→ **EXERCISE**
Your reply should be only the number of lines in the records that contain the word "Ruffle".

·····

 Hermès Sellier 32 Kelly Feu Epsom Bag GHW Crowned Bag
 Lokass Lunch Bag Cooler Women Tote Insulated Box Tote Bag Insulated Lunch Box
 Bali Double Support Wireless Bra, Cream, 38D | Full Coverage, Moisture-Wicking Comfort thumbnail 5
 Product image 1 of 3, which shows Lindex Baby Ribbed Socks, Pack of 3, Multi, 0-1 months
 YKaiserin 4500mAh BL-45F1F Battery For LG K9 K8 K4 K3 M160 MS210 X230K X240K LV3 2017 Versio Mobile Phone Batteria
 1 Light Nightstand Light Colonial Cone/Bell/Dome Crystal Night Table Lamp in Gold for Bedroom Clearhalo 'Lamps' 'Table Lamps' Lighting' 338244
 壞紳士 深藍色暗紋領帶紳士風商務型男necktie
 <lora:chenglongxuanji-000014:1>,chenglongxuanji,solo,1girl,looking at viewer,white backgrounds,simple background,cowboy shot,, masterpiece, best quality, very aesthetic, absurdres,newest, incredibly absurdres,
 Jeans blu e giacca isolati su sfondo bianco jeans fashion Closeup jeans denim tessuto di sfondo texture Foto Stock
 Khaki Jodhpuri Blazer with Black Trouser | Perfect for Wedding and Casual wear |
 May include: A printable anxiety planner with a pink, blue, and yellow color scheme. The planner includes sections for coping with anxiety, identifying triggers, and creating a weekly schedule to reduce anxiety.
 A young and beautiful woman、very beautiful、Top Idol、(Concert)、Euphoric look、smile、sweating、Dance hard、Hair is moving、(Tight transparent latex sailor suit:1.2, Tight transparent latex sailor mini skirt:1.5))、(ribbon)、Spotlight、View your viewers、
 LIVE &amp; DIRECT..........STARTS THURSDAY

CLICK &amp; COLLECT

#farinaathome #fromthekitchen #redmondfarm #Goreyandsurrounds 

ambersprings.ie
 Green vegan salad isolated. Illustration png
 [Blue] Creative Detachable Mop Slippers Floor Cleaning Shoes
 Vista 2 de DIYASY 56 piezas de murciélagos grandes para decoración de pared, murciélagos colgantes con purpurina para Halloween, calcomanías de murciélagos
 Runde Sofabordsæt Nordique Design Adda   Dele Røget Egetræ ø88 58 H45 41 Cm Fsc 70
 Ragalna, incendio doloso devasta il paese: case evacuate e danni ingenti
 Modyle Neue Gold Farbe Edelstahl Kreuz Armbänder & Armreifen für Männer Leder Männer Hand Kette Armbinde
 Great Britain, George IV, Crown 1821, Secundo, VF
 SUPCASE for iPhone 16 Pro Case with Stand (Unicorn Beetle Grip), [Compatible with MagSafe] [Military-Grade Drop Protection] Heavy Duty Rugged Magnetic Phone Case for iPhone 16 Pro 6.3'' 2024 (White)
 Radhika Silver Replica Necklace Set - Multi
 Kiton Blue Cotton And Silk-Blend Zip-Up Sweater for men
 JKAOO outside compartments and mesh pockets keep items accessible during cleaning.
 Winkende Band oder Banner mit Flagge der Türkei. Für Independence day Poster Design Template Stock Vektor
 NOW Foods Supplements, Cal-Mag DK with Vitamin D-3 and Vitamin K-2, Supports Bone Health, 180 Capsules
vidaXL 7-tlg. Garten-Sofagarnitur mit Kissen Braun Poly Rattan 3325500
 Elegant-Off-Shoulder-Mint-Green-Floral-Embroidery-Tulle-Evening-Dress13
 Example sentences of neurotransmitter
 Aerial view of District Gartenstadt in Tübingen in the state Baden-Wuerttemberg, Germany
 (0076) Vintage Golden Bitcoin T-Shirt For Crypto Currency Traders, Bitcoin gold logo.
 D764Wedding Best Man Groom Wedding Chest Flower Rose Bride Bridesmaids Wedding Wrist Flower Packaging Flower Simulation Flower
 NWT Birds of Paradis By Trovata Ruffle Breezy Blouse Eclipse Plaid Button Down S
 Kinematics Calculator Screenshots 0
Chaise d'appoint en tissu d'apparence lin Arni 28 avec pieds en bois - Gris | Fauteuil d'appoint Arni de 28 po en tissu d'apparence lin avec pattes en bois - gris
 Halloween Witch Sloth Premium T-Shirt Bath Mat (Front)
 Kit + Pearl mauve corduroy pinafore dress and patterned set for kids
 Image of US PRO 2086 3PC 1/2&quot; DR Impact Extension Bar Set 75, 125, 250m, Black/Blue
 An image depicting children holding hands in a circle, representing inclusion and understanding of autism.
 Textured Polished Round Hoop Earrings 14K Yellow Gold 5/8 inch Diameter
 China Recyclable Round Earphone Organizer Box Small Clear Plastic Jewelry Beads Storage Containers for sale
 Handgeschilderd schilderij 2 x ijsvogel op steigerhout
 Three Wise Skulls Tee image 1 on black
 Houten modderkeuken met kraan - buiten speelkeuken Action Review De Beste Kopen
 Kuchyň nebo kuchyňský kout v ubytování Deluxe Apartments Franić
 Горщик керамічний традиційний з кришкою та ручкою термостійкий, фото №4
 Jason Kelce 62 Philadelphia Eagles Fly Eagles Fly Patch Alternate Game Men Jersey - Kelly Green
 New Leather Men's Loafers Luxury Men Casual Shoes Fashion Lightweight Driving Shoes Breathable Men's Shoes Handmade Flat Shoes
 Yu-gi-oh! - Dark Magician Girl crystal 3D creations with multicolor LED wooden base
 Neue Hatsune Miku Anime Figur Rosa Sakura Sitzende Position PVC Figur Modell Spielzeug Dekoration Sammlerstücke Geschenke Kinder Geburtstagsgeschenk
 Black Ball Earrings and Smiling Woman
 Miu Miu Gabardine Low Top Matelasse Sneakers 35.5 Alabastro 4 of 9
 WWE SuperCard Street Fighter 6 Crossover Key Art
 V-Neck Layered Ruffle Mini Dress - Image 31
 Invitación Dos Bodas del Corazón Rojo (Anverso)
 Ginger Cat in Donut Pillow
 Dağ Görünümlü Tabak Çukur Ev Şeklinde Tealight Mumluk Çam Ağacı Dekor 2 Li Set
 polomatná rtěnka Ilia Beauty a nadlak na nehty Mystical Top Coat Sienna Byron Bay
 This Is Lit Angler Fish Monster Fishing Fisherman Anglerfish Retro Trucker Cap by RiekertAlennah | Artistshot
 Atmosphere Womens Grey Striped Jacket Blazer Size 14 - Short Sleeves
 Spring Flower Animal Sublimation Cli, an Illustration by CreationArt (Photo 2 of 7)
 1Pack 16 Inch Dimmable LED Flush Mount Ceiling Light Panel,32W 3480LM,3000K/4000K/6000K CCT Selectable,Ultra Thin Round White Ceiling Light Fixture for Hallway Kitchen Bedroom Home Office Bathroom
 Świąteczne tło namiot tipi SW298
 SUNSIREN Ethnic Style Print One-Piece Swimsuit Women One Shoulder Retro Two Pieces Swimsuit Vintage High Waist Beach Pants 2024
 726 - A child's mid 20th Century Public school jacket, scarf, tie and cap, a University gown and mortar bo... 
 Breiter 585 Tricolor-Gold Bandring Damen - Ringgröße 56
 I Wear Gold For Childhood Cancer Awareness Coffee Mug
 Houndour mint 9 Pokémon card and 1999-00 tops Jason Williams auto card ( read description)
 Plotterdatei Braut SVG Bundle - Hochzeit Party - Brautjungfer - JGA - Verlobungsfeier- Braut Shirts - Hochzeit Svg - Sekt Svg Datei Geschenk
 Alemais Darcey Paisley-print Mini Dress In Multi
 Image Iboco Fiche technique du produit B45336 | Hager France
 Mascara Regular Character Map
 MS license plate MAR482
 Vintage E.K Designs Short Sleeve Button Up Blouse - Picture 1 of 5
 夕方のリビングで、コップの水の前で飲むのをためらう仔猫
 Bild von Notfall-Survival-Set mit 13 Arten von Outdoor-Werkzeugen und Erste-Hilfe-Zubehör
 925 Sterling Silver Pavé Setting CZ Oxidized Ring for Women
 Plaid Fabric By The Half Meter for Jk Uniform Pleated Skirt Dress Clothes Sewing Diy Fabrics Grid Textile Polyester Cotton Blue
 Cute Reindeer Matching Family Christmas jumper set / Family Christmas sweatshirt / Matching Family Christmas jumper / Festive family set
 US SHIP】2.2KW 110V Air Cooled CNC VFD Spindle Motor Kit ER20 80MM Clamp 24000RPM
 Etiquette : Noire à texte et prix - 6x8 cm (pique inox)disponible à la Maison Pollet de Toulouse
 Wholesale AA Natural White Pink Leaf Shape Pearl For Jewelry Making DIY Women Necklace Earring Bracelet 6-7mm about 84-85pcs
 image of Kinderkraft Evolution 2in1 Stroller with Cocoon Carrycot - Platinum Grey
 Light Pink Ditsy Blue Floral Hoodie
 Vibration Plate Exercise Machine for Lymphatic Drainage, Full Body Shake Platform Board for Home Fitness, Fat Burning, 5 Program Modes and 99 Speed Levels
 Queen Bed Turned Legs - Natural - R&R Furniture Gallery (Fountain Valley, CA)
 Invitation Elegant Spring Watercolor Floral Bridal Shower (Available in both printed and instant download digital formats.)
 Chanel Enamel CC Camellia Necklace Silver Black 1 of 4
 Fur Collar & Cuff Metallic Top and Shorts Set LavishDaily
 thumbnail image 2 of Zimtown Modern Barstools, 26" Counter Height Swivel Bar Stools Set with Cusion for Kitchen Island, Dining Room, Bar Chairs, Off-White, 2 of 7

·····

→ **RESULT OF THIS EXERCISE**
2